Pennsylvania gambling expansion has been a focal point in Harrisburg for more than a year, but late Wednesday night, the state’s House of Representatives finally took action on the matter. The manner in which they did so, however, is being criticized by some lawmakers.
Yesterday morning, House Bill 271 was introduced by State Rep. Jason Ortitay (Allegheny County) and co-sponsored by six other Republicans and one Democrat.
The measure seeks to greatly expand gambling in the Keystone State. HB 271 would place slot machines in airports and bars, authorize online casinos and daily fantasy sports (DFS), allow the lottery to sell internet instant tickets, and create sports betting regulations in anticipation of any change to the existing federal ban.
At almost 700 pages, the all-encompassing piece of legislation would leave no already legal gambling option unaddressed, as far as where it can happen. It’s no easy read, but just hours after its introduction, Republican House majority leaders ushered it in for a vote.
In the end, it passed narrowly, by a count of 102-89, with support mixed across party lines.
“If you’ve all had the chance to read it, I don’t know how you did it,” was the wry observation from Rep. Madeleine Dean (D-Montgomery).
Pay So They Can Play
Ortitay’s bill would allow any establishment holding a liquor license to house slot machines. Each bar, hotel, restaurant, or fraternal club would be allowed to have up to five gaming terminals, with truck stops being permitted ten. Off-track betting parlors could encompass 250 slot machines for a fee of $5 million.

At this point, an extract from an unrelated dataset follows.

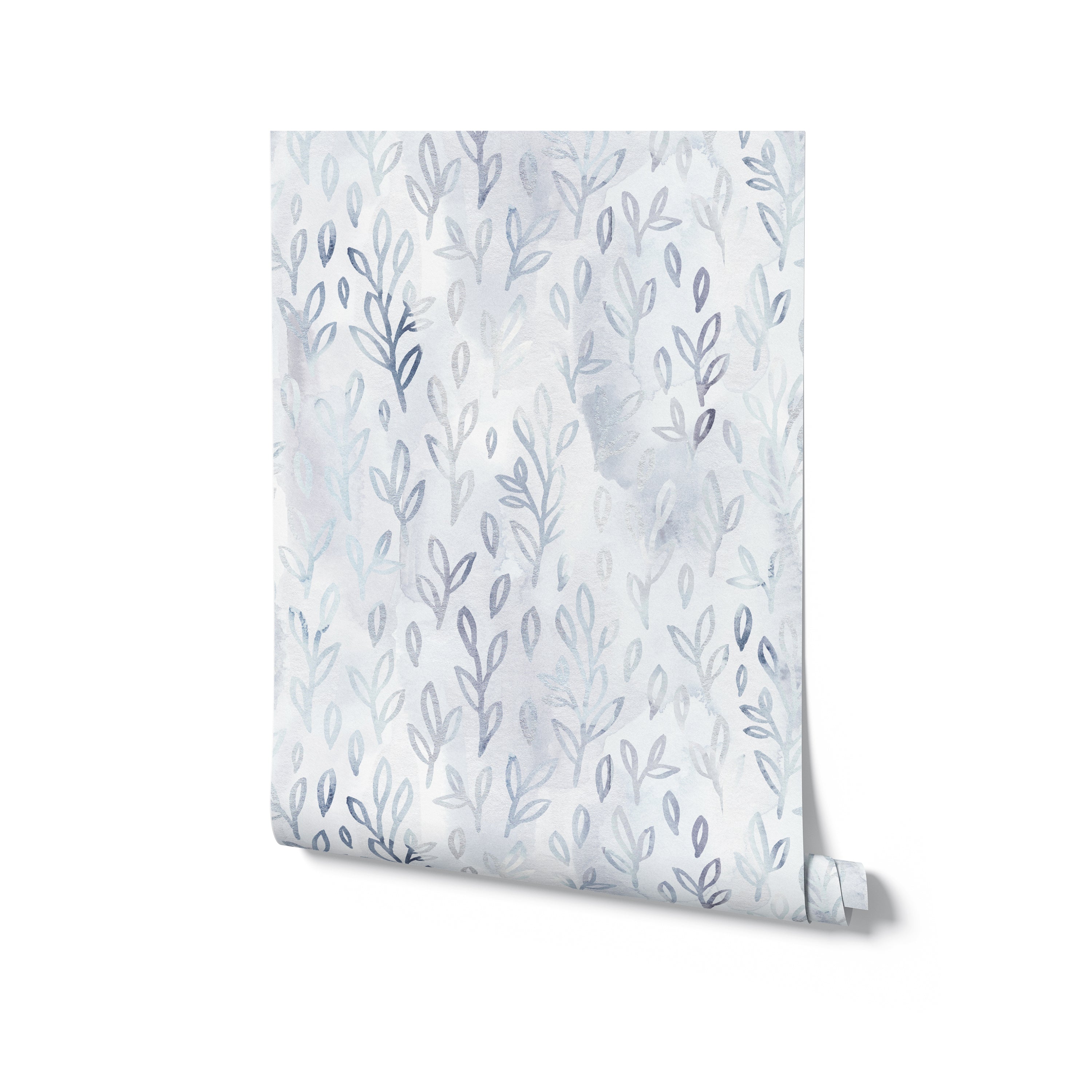 A roll of Floral Foil Wallpaper II displayed vertically. The wallpaper features an elegant pattern of light blue and grey leaves on a soft, textured background, ideal for creating a tranquil atmosphere in any room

The state’s 12 licensed land-based casinos would be able to offer online gambling, but must be willing to shell out $8 million per website. Las Vegas Sands billionaire Sheldon Adelson, whose company owns Sands Bethlehem, is spending $1 million on an aggressive advertising campaign opposing internet gambling in the state.

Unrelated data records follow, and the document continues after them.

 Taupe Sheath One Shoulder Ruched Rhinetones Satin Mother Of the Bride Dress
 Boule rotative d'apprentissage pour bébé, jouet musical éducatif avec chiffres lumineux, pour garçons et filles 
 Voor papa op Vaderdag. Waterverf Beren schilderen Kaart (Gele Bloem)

Pennsylvania’s robust state-run lottery, which sold over $4 billion worth of tickets in 2016, would also move more of its operations to the internet. Online lottery games, and instant and raffle tickets, would expand their offerings.

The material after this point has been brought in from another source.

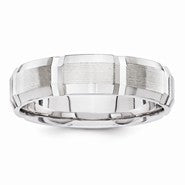 14k White Gold 5mm Grooved Brushed and Polished Wedding Band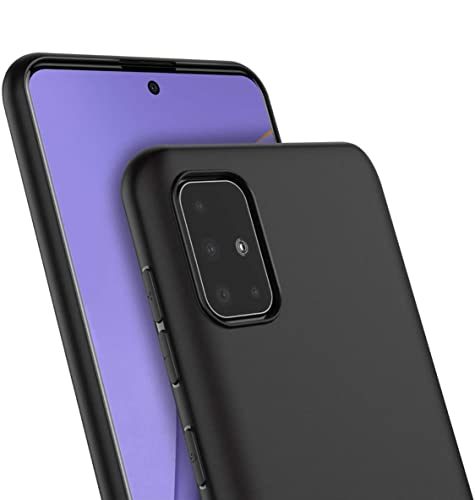 Image of Mobile Back Cover Case for Samsung Galaxy A71 (Silicone Case|CameraProtection|Black SC1510)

Airports terminals would be able to offer slots to passengers, sports betting would be considered legal (if Congress ever overturns the federal ban), and DFS operators could be online after paying a $50,000 fee to Pennsylvania.
Local Share Tax
Perhaps most importantly, HB 271 addresses the ongoing problem with the state’s casino local share assessment. That rule requires each venue to pay its host municipality $10 million annually. The Pennsylvania Supreme Court declared the tax unconstitutional, as it ruled the $10 million payment, or two percent of gross slot machine revenue, whichever is greater, violated uniformity law.
Under Ortitay’s bill, the state’s largest casinos, Sands Bethlehem and Parx, would be required to pay two percent of gross slot revenue to the host county, and a flat $10 million to the host municipality. Resorts with lower revenue pulls would pay just the two percent tariff.
Resolving the local share tax is perhaps the main reason why Republican leaders rushed HB 271 to a vote on Wednesday, as it provides critical funds to regional governments.
It isn’t clear whether the higher chamber will support the enormous Pennsylvania gambling expansion bill, or if Governor Tom Wolf (D) would even sign it, should it reach his desk.
The Keystone State needs money to pay down its burgeoning pension debt. Putting slot machines in bars and restaurants across from schools and churches is the answer, at least according to those who voted to approve the measure on Wednesday.